The Art of Seduction: Is the loss of intimacy killing sexuality?

“Grow five thousand roses in one garden yet they don't find what they're looking for.” The Little Prince of Saint Exupéry

We live in a homo psychologicus society, where people are self captivated and losing the ability to conduct social interaction outside of the self and outside the scene of social media, they experience life and human relationships through avatars they create on a digital platforms.

More and more, we tend to inwardness and lose touch with the sense of the community, the importance of relating and supporting one another in order to experience oneself with and through the joy of human relationships. But most of all we are losing our ability to play, not with our phones but with one another. Preferring the seriousness of work and productivity, feeding our thirsty narcissistic minds with self representation of the life that we are not really part of anymore.

We also have this new habit punishing ourselves constantly for not reaching the standards that the media, public market and commercials are implying we should reach. We are busier taking pictures to nourish our Instagram feeds instead of feeding our souls with the nourishment  She needs. We end up becoming the witness of our own sequential life experiences, but missing out on life itself.

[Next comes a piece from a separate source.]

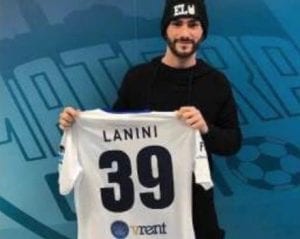 Il neo acquisto Eric Lanini posa con la sua nuova maglia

Life is not supposed to be only a visual experience. By nature, on a daily basis, we can engage in hundreds of multisensory experiences but instead we are stuck in an image focused era that narrows our ability to feel with our senses. We have become self obsessed with people following and liking us instead of direct human embodied experience in real life.

We now prefer to hide behind images of our deep internal fear of intimacy. And this preference takes us far away from the possibility of holding sacred spaces where vulnerability and a level of trust is needed to open up space for deep intimacy with ourselves and others.

The end of intimacy is also killing sexuality emphasizes the professor of philosophy Byung Chul Han in his book The disappearance of Rituals. The over exposure of genitals and the mechanical act of copulation that comes with porn are preferred to the grace and beauty of seduction. Seduction is ritualistic by nature, there is a duel a subtle and healthy power game played between the people involved. It could be compared to a theater play, the dance of bodies smelling, backing off and coming forward. The dialogue that initiates a romance inviting the mystery of not yet knowing and stimulating the imagination before genitalia.

Today genitals have become personified and used as instant gratifictation tools. We even sell fake genitals as human sized dolls that also speak for self pleasuring purposes, not that there is anything wrong with these kind of sexual practices but in a way it also shows how disconnected we have become from one another, our bodies, sexuality and ultimately intimacy.

Do not get me wrong, there is also nothing wrong with watching porn and buying dildos. But we shall not forget that, to be whole and healthy, sexuality shall be experienced with a wider range of experiences on the pleasure spectrum and not narrowed to a certain representation of sexuality that the industry of porn is imposing on us. And in this sense pornography is overpowering the art of seduction and human intimacy that is quite different from sexuality as we commonly understand it.